Seychelles Economic Outlook
- The Seychelles economy suffered a downturn in 2014 because of the poor performance of the tourism and manufacturing sectors and growth is projected to remain moderate in 2015/16.
- Increased public investment, improving conditions in the financial market and the private sector should continue to support the current economic and social reform agenda.
- Issues of spatial exclusion are not prevalent in Seychelles, given its small population which largely inhabits the main island of Mahe.
In 2014, the Seychelles economy is estimated to have grown by 3.8%, down from 6.6% in 2013. Tourism, the main driver of growth, was adversely affected by weak demand in countries of origin, notably Europe. Manufacturing production also slowed, and plant modernisation was undertaken in the main beverage sector. On the demand side, private consumption remained strong, partly driven by an increase in consumer credit. Growth is projected to remain moderate at between 3.5-4% in 2015 and 2016. Financial services and information and communications technology (ICT) are expected to continue to grow and provide opportunities for economic diversification. To keep at bay inflationary pressures that had increased in the first half of 2014 the government tightened monetary policy during the latter half of 2014. Inflation accordingly remained contained and within the target of less than 4% per annum.
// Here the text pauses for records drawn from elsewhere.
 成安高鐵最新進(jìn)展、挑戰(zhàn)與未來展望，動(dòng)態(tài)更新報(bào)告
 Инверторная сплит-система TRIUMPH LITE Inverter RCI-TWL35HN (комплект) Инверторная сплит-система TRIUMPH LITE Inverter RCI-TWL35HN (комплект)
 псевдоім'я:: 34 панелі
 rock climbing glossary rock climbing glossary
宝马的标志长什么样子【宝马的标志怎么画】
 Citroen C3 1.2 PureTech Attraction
The government approved a medium-term national development strategy (NDS, 2015-2019) in November which has four key areas: governance, economic development, social development and the environment.
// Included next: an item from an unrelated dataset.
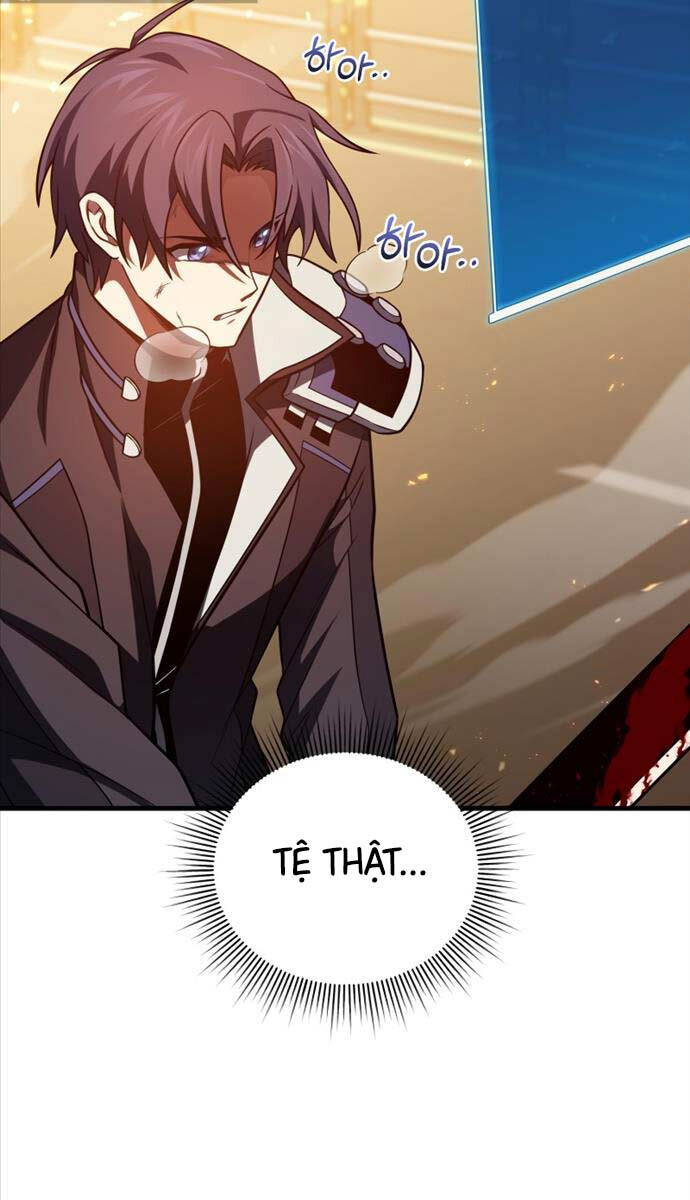 Người Chơi Trở Lại Sau 10000 Năm chapter 71 - Upload bởi truyensieuhay.com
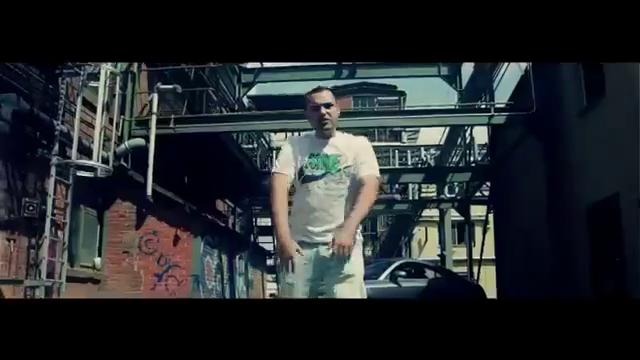 Som (Ginex) feat. Anabol, MicFire – Ghetto Sound (prod.by STL)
Being a small middle-income island country, Seychelles does not have spatial exclusion issues similar to those of other African countries. Around 90% of the 90 000 inhabitants live on Mahe, one of the three main islands. However, with its limited land space and high population density, the country has a delicate balance to observe in addressing land use, conservation and economic development. The country has begun to design policies and plans to address these issues holistically.